The absence of an association between route of methamphetamine use and OHRQoL within the VMAX cohort highlights the need for more integrated, upstream interventions to ameliorate oral health outcomes for people who use methamphetamine via any route of administration. Harm reduction and preventive interventions should be designed to address the social determinants of oral health inequalities [47], which may subsequently improve OHRQoL outcomes and overcome structural barriers to adequate dental care for people who use methamphetamine. This will allow for the provision of comprehensive dental care in a systematic manner, which has been shown to result in improved OHRQoL in other populations [25]. In turn, improved OHRQoL results in better overall quality of life and general wellbeing [20]. Given how poor oral health potentially contributes to depression [48], improved OHRQoL in people who use methamphetamine may also have a positive impact on mental health outcomes and overall wellbeing. Finally, there is need for more treatment interventions for people who use methamphetamine, tailored to meet the demographically diverse needs of people from different types of locations and within different age brackets [49].

Limitations

Compared to other studies assessing OHRQoL in Table 2, our sample size was relatively smaller. The use of self-reported measures in the data collection of this study raises the possibility of recall and social desirability bias. Some of the instruments used, such as PHQ-9, have not been validated in cohorts of people who use methamphetamine. However, the validity and accuracy of self-reported data collected from drug use [50] and oral health [51] surveys has been documented in the literature.
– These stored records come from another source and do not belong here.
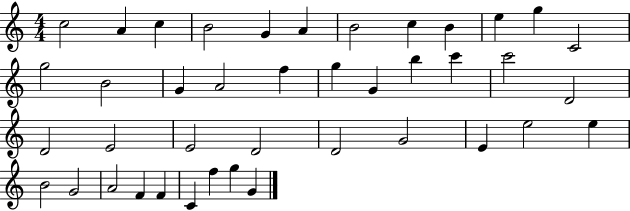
X:1
T:Untitled
M:4/4
L:1/4
K:C
c2 A c B2 G A B2 c B e g C2 g2 B2 G A2 f g G b c' c'2 D2 D2 E2 E2 D2 D2 G2 E e2 e B2 G2 A2 F F C f g G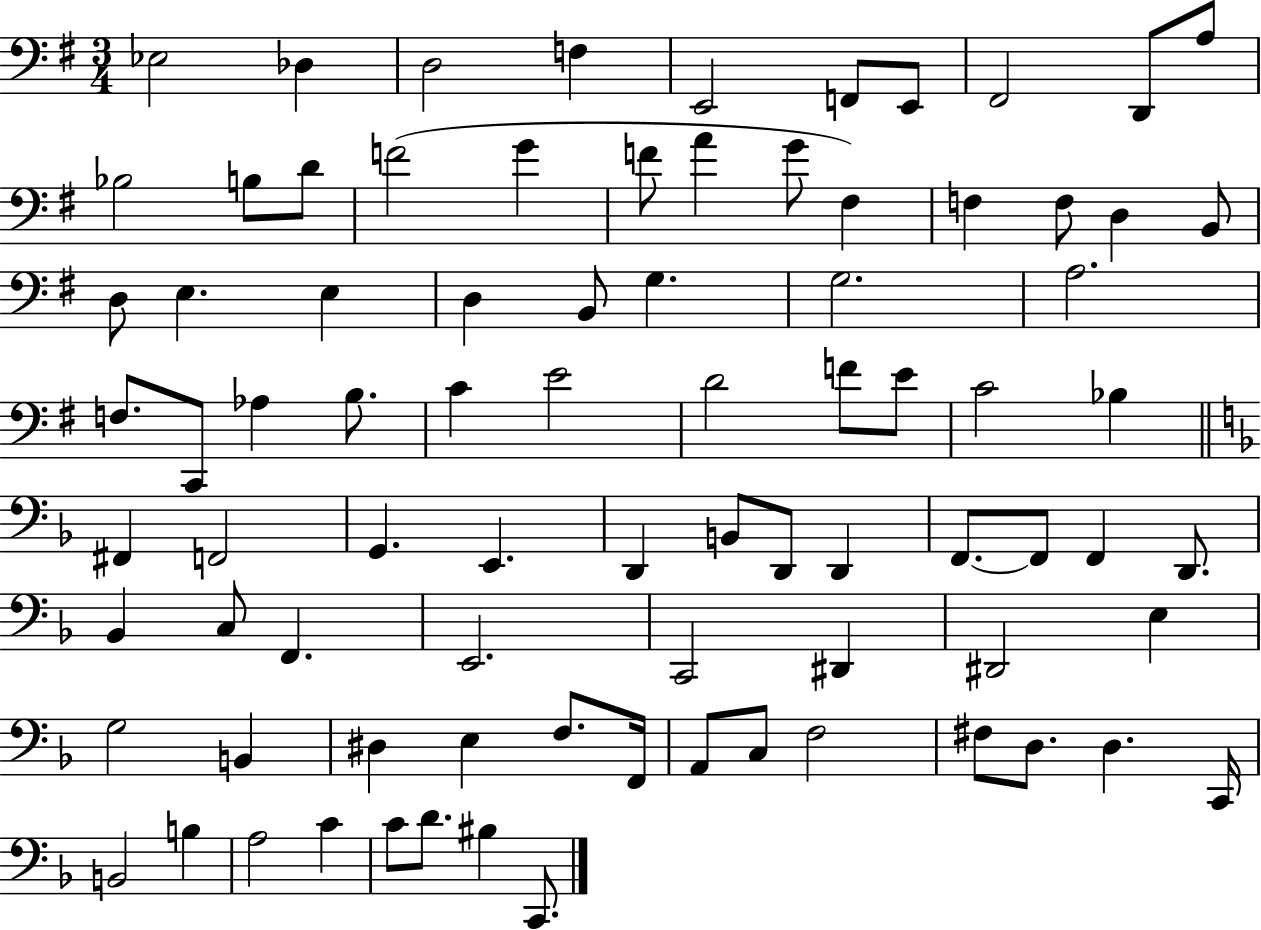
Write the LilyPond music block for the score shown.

{
  \clef bass
  \numericTimeSignature
  \time 3/4
  \key g \major
  \repeat volta 2 { ees2 des4 | d2 f4 | e,2 f,8 e,8 | fis,2 d,8 a8 | \break bes2 b8 d'8 | f'2( g'4 | f'8 a'4 g'8 fis4) | f4 f8 d4 b,8 | \break d8 e4. e4 | d4 b,8 g4. | g2. | a2. | \break f8. c,8 aes4 b8. | c'4 e'2 | d'2 f'8 e'8 | c'2 bes4 | \break \bar "||" \break \key f \major fis,4 f,2 | g,4. e,4. | d,4 b,8 d,8 d,4 | f,8.~~ f,8 f,4 d,8. | \break bes,4 c8 f,4. | e,2. | c,2 dis,4 | dis,2 e4 | \break g2 b,4 | dis4 e4 f8. f,16 | a,8 c8 f2 | fis8 d8. d4. c,16 | \break b,2 b4 | a2 c'4 | c'8 d'8. bis4 c,8. | } \bar "|."
}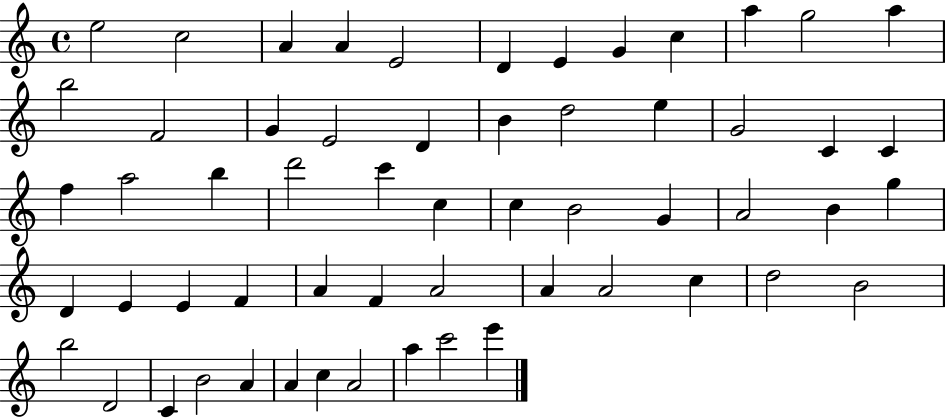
{
  \clef treble
  \time 4/4
  \defaultTimeSignature
  \key c \major
  e''2 c''2 | a'4 a'4 e'2 | d'4 e'4 g'4 c''4 | a''4 g''2 a''4 | \break b''2 f'2 | g'4 e'2 d'4 | b'4 d''2 e''4 | g'2 c'4 c'4 | \break f''4 a''2 b''4 | d'''2 c'''4 c''4 | c''4 b'2 g'4 | a'2 b'4 g''4 | \break d'4 e'4 e'4 f'4 | a'4 f'4 a'2 | a'4 a'2 c''4 | d''2 b'2 | \break b''2 d'2 | c'4 b'2 a'4 | a'4 c''4 a'2 | a''4 c'''2 e'''4 | \break \bar "|."
}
The variable “Smoked in the previous month” was identified as possibly contributing to model multicollinearity and was subsequently dropped; however, prior to dropping the variable from our analyses, we did not detect a statistically significant association between the variable and any of the three OHRQoL outcomes. This finding comes despite established links between smoking and poor OHRQoL reported in other cohort [52] and population studies [53]. Other contributors to poor oral health outcomes and ultimately affecting OHRQoL, such as xerostomia [9], were not assessed. Finally, the cross-sectional framework utilised in this study precludes inferring causality to observed associations. Longitudinal data with this cohort will be used to disentangle the complex relationship between depression, methamphetamine dependence and OHRQoL and consider the potentially confounding effects of structural barriers to care and poly-drug use, including cannabis.